Most people don’t want to spend their weekends reading self-help books and talking about Oprah Winfrey and how our thoughts affect our reality. Most people don’t want to examine their habits and the way they interact with others and whether they’re really giving life everything they’ve got.

My obsession with personal development has always made me feel different. And I’ve tended to keep quiet about it.

When someone asks me what I’m reading and the real answer is a super self-helpy book (like the one I’m reading at the moment – ‘Breaking the Habit of Being Yourself’ by Joe Dispenza) I’ll often say I’m reading something else. Something a little more mainstream.

I’m doing a lot of work on myself to stop this habit of censoring myself, but wanting to be liked by other people has made me want to do less personal development.

I know that people-pleasing and wanting to fit in is not a good reason to quit, so I’m not going to.


I wanted to quit blogging

I’ve mentioned this many times before, but self-doubt has made me want to stop blogging SO many times!

I doubt whether what I’m writing is important or interesting or valuable. I doubt whether I have anything new to say. I doubt whether anyone’s going to read what I write. I doubt whether it’s worth my time and money.

And all of that self-doubt is only amplified by the fact that I know of only a handful of people in my real life that blog.

That self-doubt has never really gone away, I’ve just learned to stop listening to it. To stop letting it win.

I’ve decided not to quit.

What to read next: 7 Fears I Had Before I Started Blogging (& Why I Decided To Start A Blog Anyway)

What do you think?

I’d love to know what you think about all of this – whether there’s something you’ve been thinking of quitting or how you make these kinds of decisions.

Please let me know in the comments below, I’d absolutely love to hear from you!

Sam xx


Not sure whether you should quit or keep going? In this blog post I share my experience with quitting and how I make the decision to quit.

Author: Sam Brown

  • For me wanting to quit definitely comes in waves. I have moments where I TOTALLY feel like there’s nothing more I can do and am completely motivation-less. And then for some reason or another there are waves of inspiration where I feel like if I could JUST push on, it will all fall in its place eventually. I think its also important to have a couple of people in our lives who know when we’re reasoning/bullshitting our way out of doing something we actually really want to do.

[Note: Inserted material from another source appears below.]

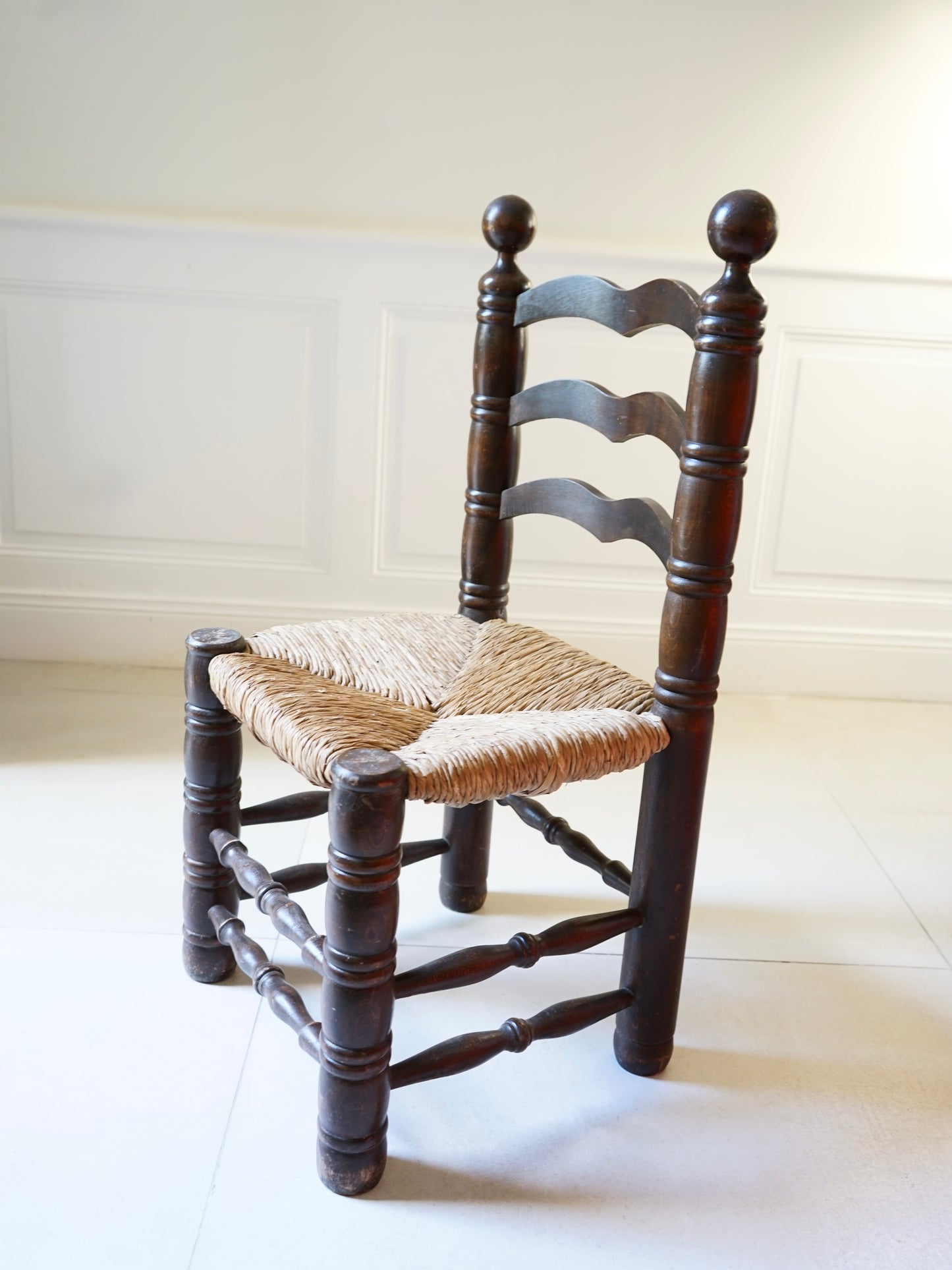 Paire de chaises en chêne et jonc.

I’m trying to confide more in some people at moments where I feel like a complete loser and sometimes they actually help me push through. Thanks for always sharing such honest and lovely post! You’re such a strong lady my friend, I can’t wait to read your next post, don’t you dare give up on blogging 🙂 <3

    • Hi Yara!

      I really find that it comes and goes in waves too – usually last about 2-3 weeks each (when I think back on it). Sometimes I’m super motivated and sometimes I couldn’t care less, and I always know that regardless of whether I feel motivated or unmotivated it won’t last forever.

      And confiding in people is so important, sometimes we can really just get in our own heads about things and it can be amazing to have someone else’s opinion (even if it is just confirming what we were already thinking).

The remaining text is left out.